Onze inschatting is dat de kans dat de ECB geïntervenieerd heeft, klein is. Allereerst kent de ECB geen wisselkoersdoelstelling, doch
slechts een geldgroeidoelstelling. De groei van M3 heeft de afgelopen maanden weliswaar licht boven de referentiewaarde van 4½%
bewogen, maar er zijn geen inflatoire tendensen waarneembaar. Zolang deze er niet zijn, verwachten wij geen interventie. Ingrijpen op de
valutamarkt kan voor de ECB om verschillende redenen een hachelijke zaak zijn. Het wapenarsenaal van de ECB is beperkt en als de
wisselkoers feitelijk tot expliciete doelstelling wordt verheven, dreigt er al snel een situatie waarin de verschillende doelstellingen
conflicteren. Een andere overweging is hoe succesvol interventies zouden zijn. Het is denkbaar dat een actie van de ECB tot een reactie
in de markt leidt, waarbij de ECB het onderspit zou delven. Dit zou, een half jaar na de introductie van de euro, de geloofwaardigheid van
de ECB en de stabiliteit van de euro danig kunnen beschadigen. Tenslotte heeft hoofdeconoom Issing van de ECB laten weten dat
“interventie, in veel gevallen, het tegenovergestelde resultaat heeft dan wat oorspronkelijk beoogd wordt”. Derhalve betwijfelen wij of de
ECB de komende maanden zal interveniëren. Veel eerder zal men proberen de euro omhoog te praten en druk te blijven uitoefenen op de
politieke beleidsmakers de economie structureel te hervormen.
Conclusie
De euro mag dan meer dan 12% gedeprecieerd zijn ten opzichte van de dollar, de handelsgewogen euro daalde slechts met 6,5%, wat
gezien de zwakke economische groei en de kracht van de Amerikaanse economie, niet meer dan normaal is. Fundamenteel is er niets mis
met de euro en we hoeven ons dan ook geen zorgen te maken. De lage koers van de euro heeft een positieve werking op de Europese
uitvoer en daarmee de economische groei. De euro zal, met het aantrekken van de economische groei in Euroland, zeker omhoog
meeliften

1 In het Jaarverslag 1998 van DNB wordt genoemd dat “De Nederlandse banken (…) de kredietverlening sterk hebben uitgebreid
(bedrijfskredieten: +15,6%)”. Zij noemt deze ontwikkeling “opvallend omdat de investeringsactiviteit (…) veel minder is toegenomen” (blz.
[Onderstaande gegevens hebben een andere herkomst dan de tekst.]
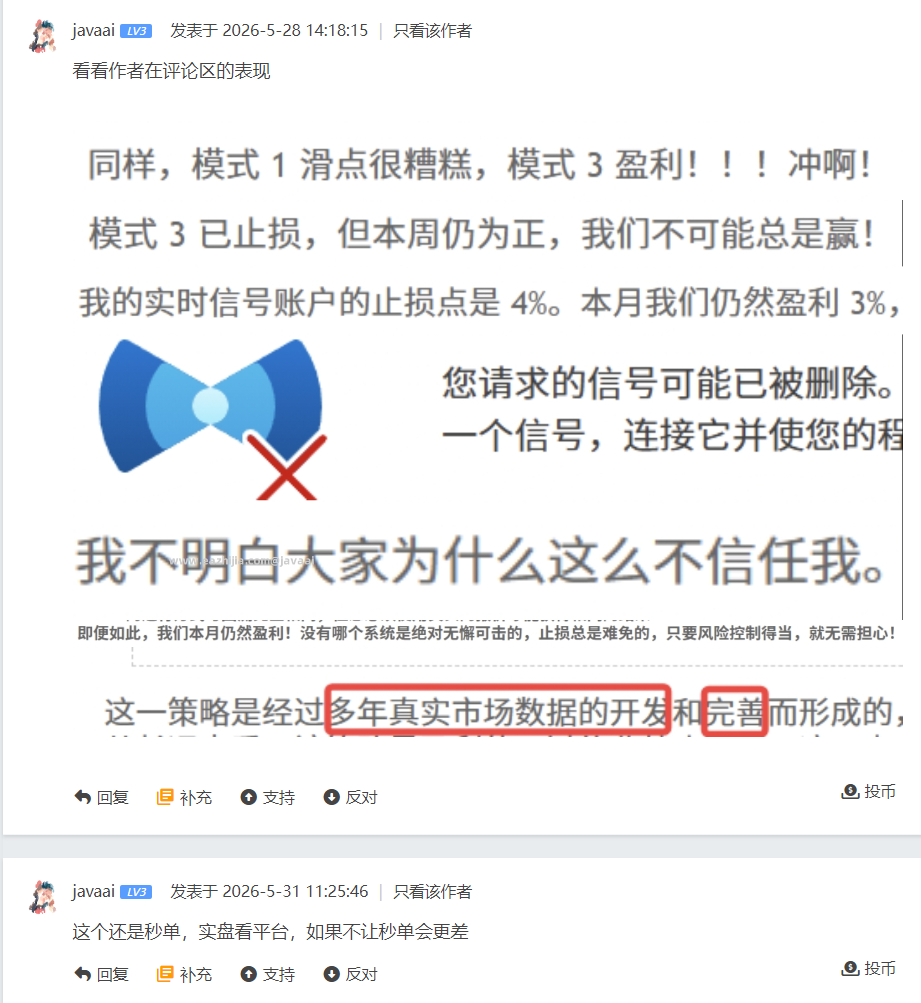 QQ20260614-110303.png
119). Ook de ECB wijst in haar Maandbericht van mei op de “snelle stijging van de kredietverlening aan de particuliere sector” (blz. 10).
2 Bank for International Settlements, BIS Quarterly Review, maart 1999, blz. 33-37.
3 De Nederlandsche Bank raamt in het Jaarverslag 1998 de omvang van de door niet-EMU-landen aangehouden euro reserves bij de start
van de EMU op $ 200 mrd, vergeleken met $ 800 mrd aan dollarreserves (blz. 63).
4 Martin Wolf, German handicap, in Financial Times, 31 maart 1999.